Financial Terms: What Do They Mean?
To help you understand the basics of accounting, it is important to keep abreast of jargon used. We've compiled this list of terms used (some more regularly than others).
If you need more information or advice on a particular area, have a look at Finance: Where Can I Get More Information.
If you would like an explanation of any financial term not listed please email: [email protected] and we will add it to this section.
Accounts - a term usually applied to the end of year accounting statements.
Accountability and transparency - Accountability is usually understood to mean being accountable for monies received. That is, an organisation is able to account for, or demonstrate how it has managed, all monies that it has received. Transparency is usually understood to mean being able to clearly show how and why monies have moved through the organisation's systems.
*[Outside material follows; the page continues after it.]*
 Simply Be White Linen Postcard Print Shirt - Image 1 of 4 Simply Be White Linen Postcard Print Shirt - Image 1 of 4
Accounting year - the 12-month period used for your financial undertakings. Organisations can choose any 12-month period, but many have a financial year from 1st April to 31 March, which is the same as that used by government etc.
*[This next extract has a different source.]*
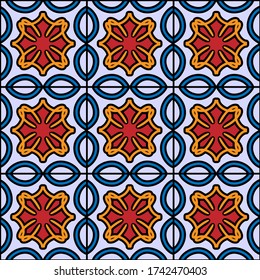 Interesting tile-like seamless vector pattern. Bright and vibrant colors.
Accruals - Expenses which have been incurred in an accounting period but not yet paid (e.g. electricity). See also - prepayments and accruals basis.
Accruals basis - a method of accounting which adjusts the receipts and payments to take account of amounts that should have been paid or received before the end of the accounting period. This will give your organisation a truer picture of your income and expenditure. See also - accruals and prepayments.
Apportionments - Terminology sometimes used to explain the method by which you allocate overheads e.g. premises costs (rent, heat, electric, service etc) apportioned by the number of staff in the organisation. See direct costs; full cost recovery; indirect costs and overheads.
Assets are everything your organisation owns- including money, money owed to you, equipment, goods, property or lands etc.
Audit and independent examination - a yearly report on the financial affairs of your organisation carried out by an auditor or independent examiner. Bodies which are legally established as charities or limited companies are required to produce certified annual accounts. Smaller organisations do not require a full audit (unless they are established as a company limited by guarantee). Although increasingly, charities are being required to have an audit by funders. An independent examination is less rigorous than an audit and can be carried out by anyone who the trustees reasonably believe has the ability and practical experience to carry out a competent examination of the accounts. The auditor/independent examiner has to be satisfied that the money raised and spent by the organisation is within the aims and objectives of the organisation's constitution.
Audit Trail exists where a financial transaction can be traced and followed through the financial system. Funders' letters of offer/terms & conditions normally state that they require there to be ‘a clear audit trail'. See basic bookkeeping.
Authorisation of expenditure - all transactions should require authorisation or approval by the appropriate responsible person and approval should always be documented. Authorisation can be considered in two parts: 1) to place an order for goods or services and 2) to make payments. See also - segregation of duties, signatories and financial controls/procedures.
Balance sheet is a summary of assets and liabilities of an organisation at a given time. A balance sheet can be seen as a snapshot of the charity's finances.
Bank reconciliation is a procedure used to check your cash book figures with your bank statement (an independent source). It is a fundamental financial control for your organisation.
Budgets - the plan of income (what you will receive) and expenditure (what you will spend) within a specific period of time, or for a specific-time limited project. Budgets should be prepared in advance of each financial year and approved by the Trustees (Management Committee).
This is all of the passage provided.